Your task: Apart from the images, repeat the data below exactly as written.

Provided material:
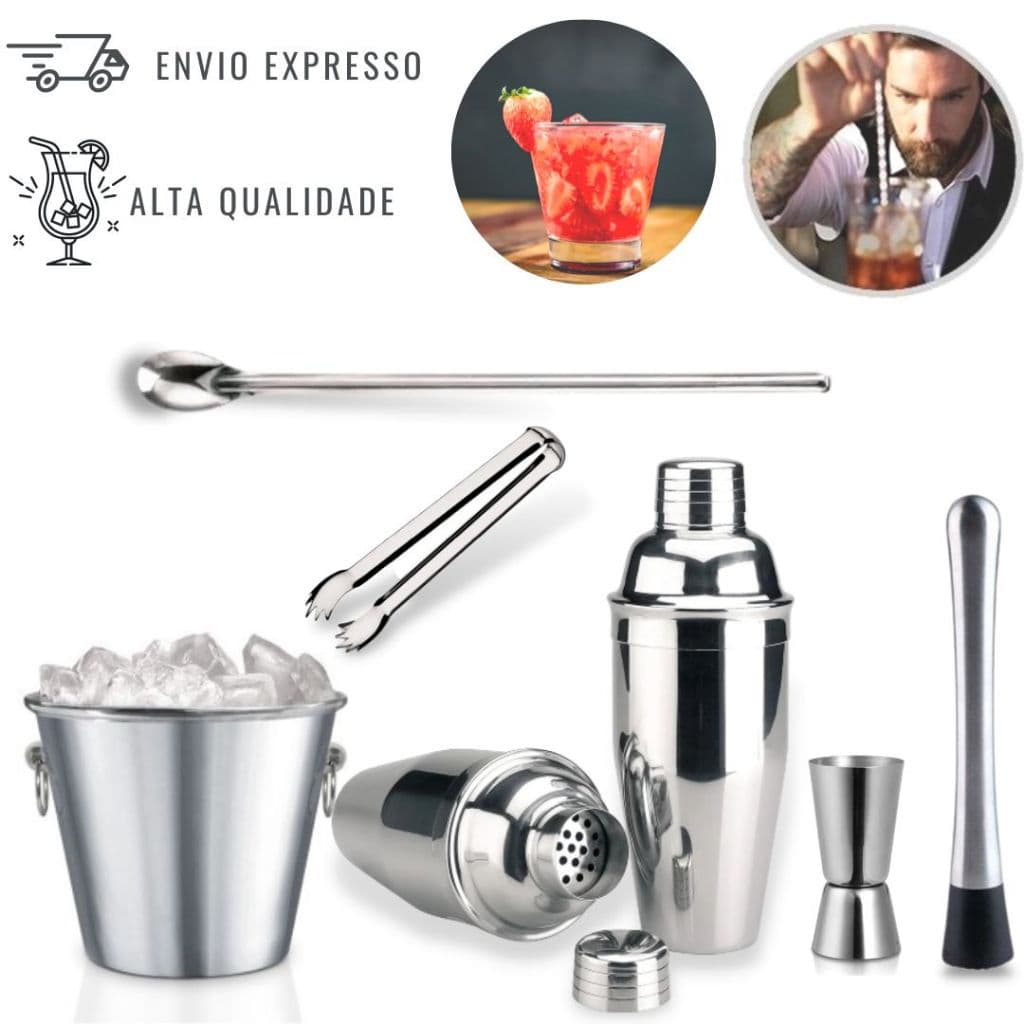 Kit Caipirinha Coqueteleira Bartender 6pcs Inox Profissional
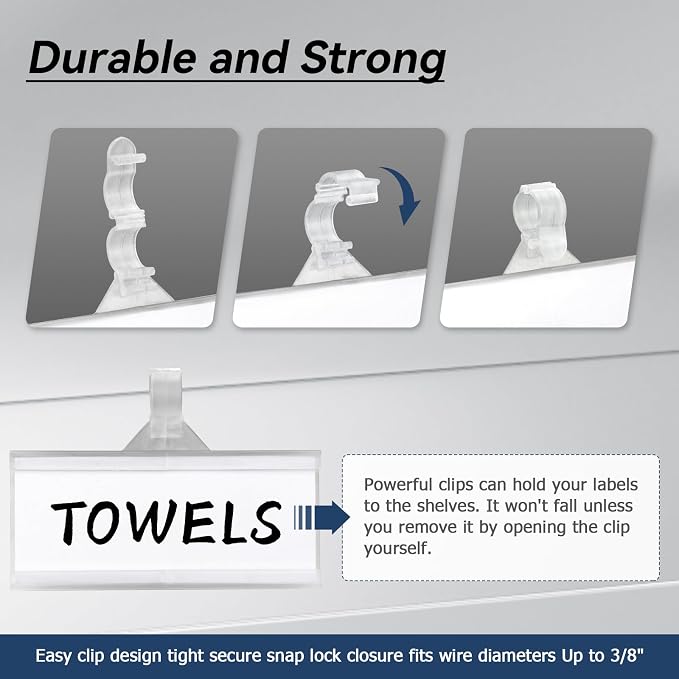 25Pcs Wire Shelf Label Holder, Reusable Plastic Shelf Tags - Image 3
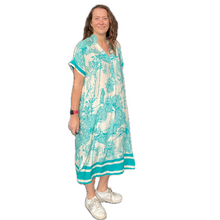 Load image into Gallery viewer, Turquoise animal design floaty dress with pockets (A172)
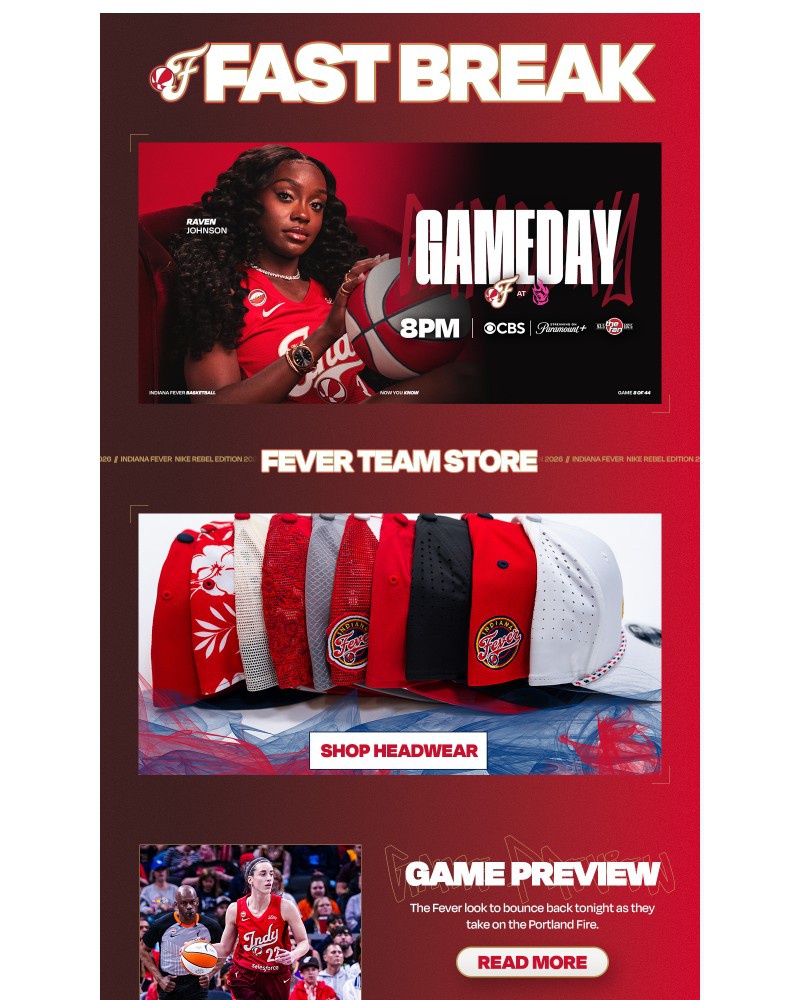 Screenshot of email sent to a Indiana Fever Newsletter subscriber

Solution:
 Kit Caipirinha Coqueteleira Bartender 6pcs Inox Profissional
 25Pcs Wire Shelf Label Holder, Reusable Plastic Shelf Tags - Image 3
 Load image into Gallery viewer, Turquoise animal design floaty dress with pockets (A172)
 Screenshot of email sent to a Indiana Fever Newsletter subscriber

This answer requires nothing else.